DorisW antwortete am 24.10.03 (08:18):

Teil II

Lange habe ich überlegt, ob ich etwa eine Eingabe an die Obrigkeit richten könnte, ein Gesuch um Verleihung eines Feldsteines. Hohe Regierung, würde ich schreiben und dann mein Anliegen in vorsichtigen Worten auseinandersetzen. Wie ich die Jahre hindurch schlecht und recht gelebt und den Zins für mein Dasein entrichtet hätte, ohne lauter als heimlich zu murren. Gewiß sei das meine Pflicht gewesen, besondere Verdienste könne ich durchaus nicht vorweisen. Meine Bitte ginge also rundweg dahin, mir ohne jeden Grund, sozusagen gnadenhalber, aus öffentlichen Mitteln einen Stein zu schenken. Dies in völliger Ergebenheit.
Die Obrigkeit müßte dann einen Ausschuß ernennen und in das Dorf schicken, sachverständige Leute, die mancherlei zu bestimmen und zu klären hätten, Maß und Gewicht des Steines und seinen Wert für Wissenschaft und Handel. Es wäre auch die Möglichkeit zu erwägen, daß seine Entfernung etwa das Bild der Landschaft nachteilig verändern könnte. Und wenn sich das alles zu meinen Gunsten entschiede, bliebe noch immer die schwierigste Frage offen, die nämlich, wozu ich den Stein überhaupt brauchte.
Das aber wüßte ich nicht. Um ihn zu haben. Um ihn unter meiner Birke liegen zu haben, zwischen den Haselbüschen, gewärmt von der Sonne, gebadet vom Regen, mit Moos und Efeu schön begrünt, einen uralten, mächtigen, ehrwürdigen Stein. Um Erde in seine Spalten zu streuen und Gräser darin wachsen zu lassen. Um abends und morgens hinauszugehen und mit der Hand über sein rauhes Gesicht zu streichen. Die Vögel würden auf ihm sitzen und singen, ich selber nicht mehr. Denn die Jahre sind hingegangen; ihm hat es nichts ausgemacht, aber ich bin alt geworden. Ich gehe krumm, wenn ich zu lang auf einem Stein sitze.
Ach, was für Sorgen, liebe Leute! Es ist recht schwierig, ein Narr zu sein, wenn es niemand merken soll!

*

Und jetzt kommst du, Anton :-))
Wer war's?


mart antwortete am 24.10.03 (08:54):

Erinnert mich irgendwie an Stifter.


DorisW antwortete am 24.10.03 (09:18):

Da ich leider noch nichts von Stifter gelesen habe, kann ich dir nicht sagen, wie nahe du dran bist, mart...
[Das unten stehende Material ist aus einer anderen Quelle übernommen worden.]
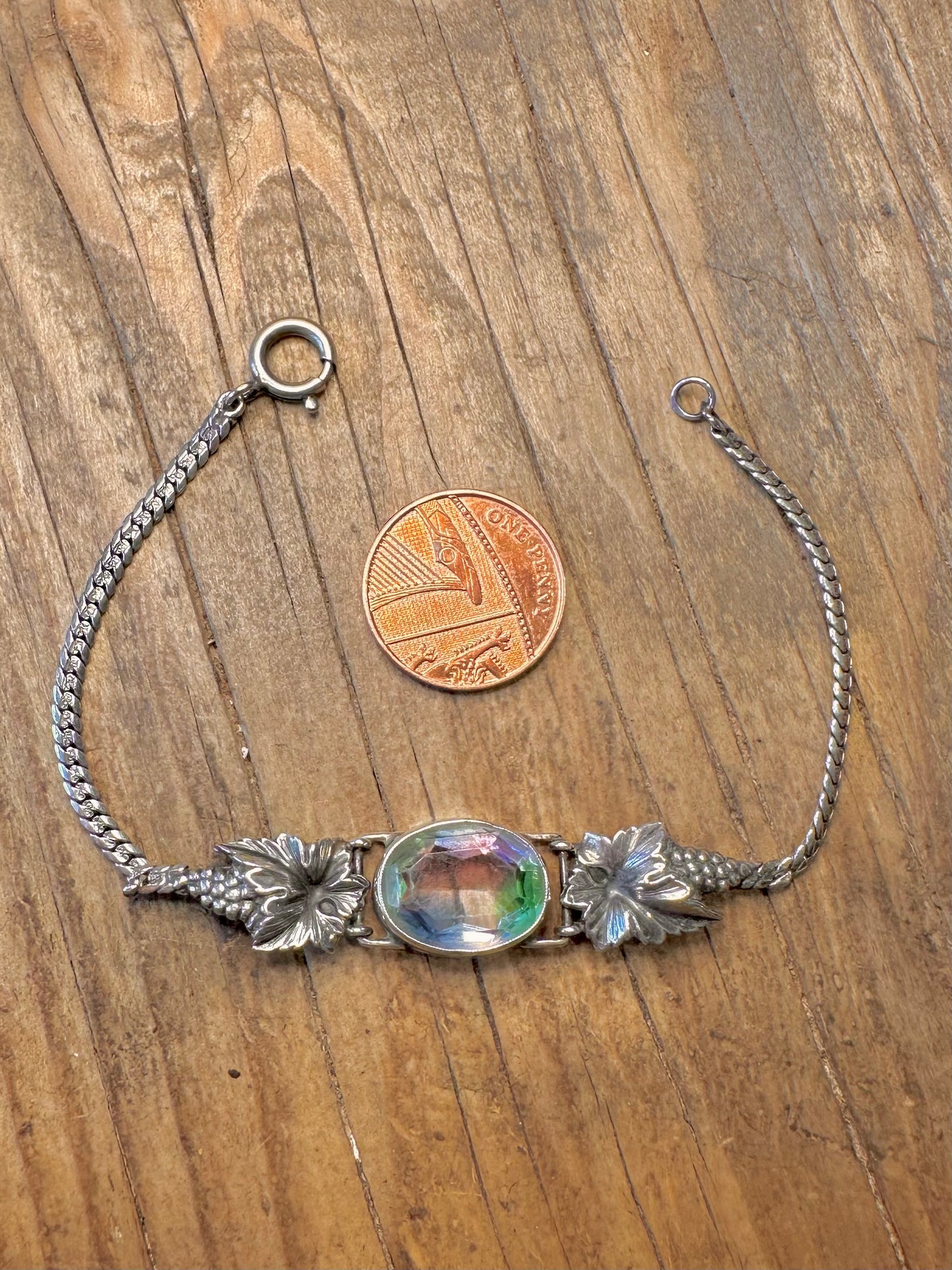 Verziertes Armband aus 800er Silber mit farbigen Steinen und Blättern, 21 cm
Aber er selbst ist es nicht.

Immerhin liegst du so weit richtig, dass es sich um einen Landsmann von dir handelt :-)


mart antwortete am 24.10.03 (09:34):

"Die meisten verstehen nur die Frakturschrift im Buche der Schöpfung
und übersehen die kleine Perlschrift auf Wiesenblumen und Schmetterlingsflügeln."

Zitat Adalbert Stifter


mart antwortete am 24.10.03 (09:49):

Dann P.R.?


DorisW antwortete am 24.10.03 (10:05):

Hmmm, schöner Satz :-)

Aber Peter Rosegger ist es auch nicht.


iustitia antwortete am 24.10.03 (11:45):

Doris!
Toller Text! Habe aber noch keine Ahnung...
So gingen meine Assos: Tucho? Zuckmayer?
Passt aber alles nicht so!
Dann der lyrische "Narr" Brambach. Aber der ist nicht so hintergründlich...
Will noch einen Tag büffeln und schnüffeln...
Danke schön..!
Oder, wahnwitziger Blitz durch graue Zellen: Katharina?? (Habe seit Monaten nix von ihr gehört...!)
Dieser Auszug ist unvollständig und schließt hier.